The above chart shows a simple and straight forward ratio: Gross Debt/GDP. In the last year this ratio has moved from an unprecedented 350% to an even more unprecedented 375% of GDP, as of 3/31/2009. In other words, our nation and society is more leveraged and indebted than ever before. In fact, the recent financial crisis has thus far operated to exacerbate indebtedness rather than facilitate an orderly deleveraging.
Deleveraging is never pleasant as you can see from the chart: the last major deleveraging led to the Great Depression. Deleveraging means consumers and businesses cut back on expenditures, including employees, sell assets to pay off debt, and slash investment, all with the goal of reducing, by all means necessary, debt.
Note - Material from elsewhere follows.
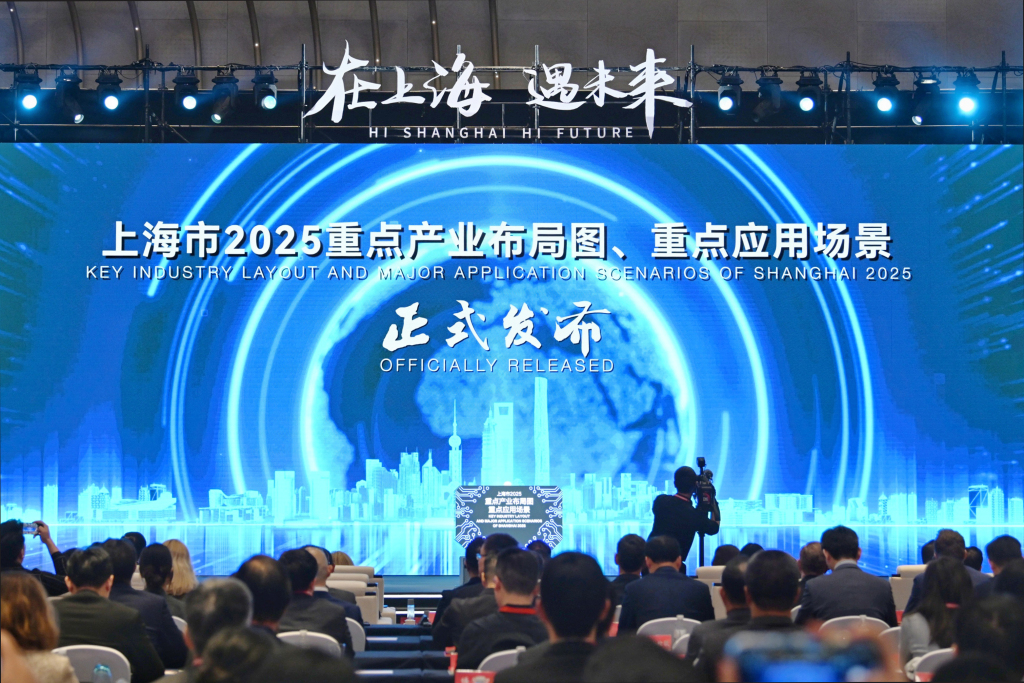 Global Investment Promotion Conference 2025-2.jpg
Another means of deleveraging is to expand income or GDP, rapidly.
We have no policy for managing our society's debt load through law, or otherwise. In the past we at least required 20% down payments (or private mortgage insurance), and government budgets had a minimal level of integrity and sustainability. For example, Bush I/Clinton worked together in the 1990s to remedy the high deficits created in the wake of the Reagan deficits. Bush II never saw an issue that could not be resolved through tax cuts and he put the nation on a catastrophic fiscal course. The present administration has not had many options for dealing with this train wreck, but its continuation of bank bailouts and more tax cuts have neither stimulated the over leveraged economy (because banks are desperate to shore up balance sheets and are hoarding capital and consumers are desperate to pay off debt) nor remedied our long fiscal nightmare.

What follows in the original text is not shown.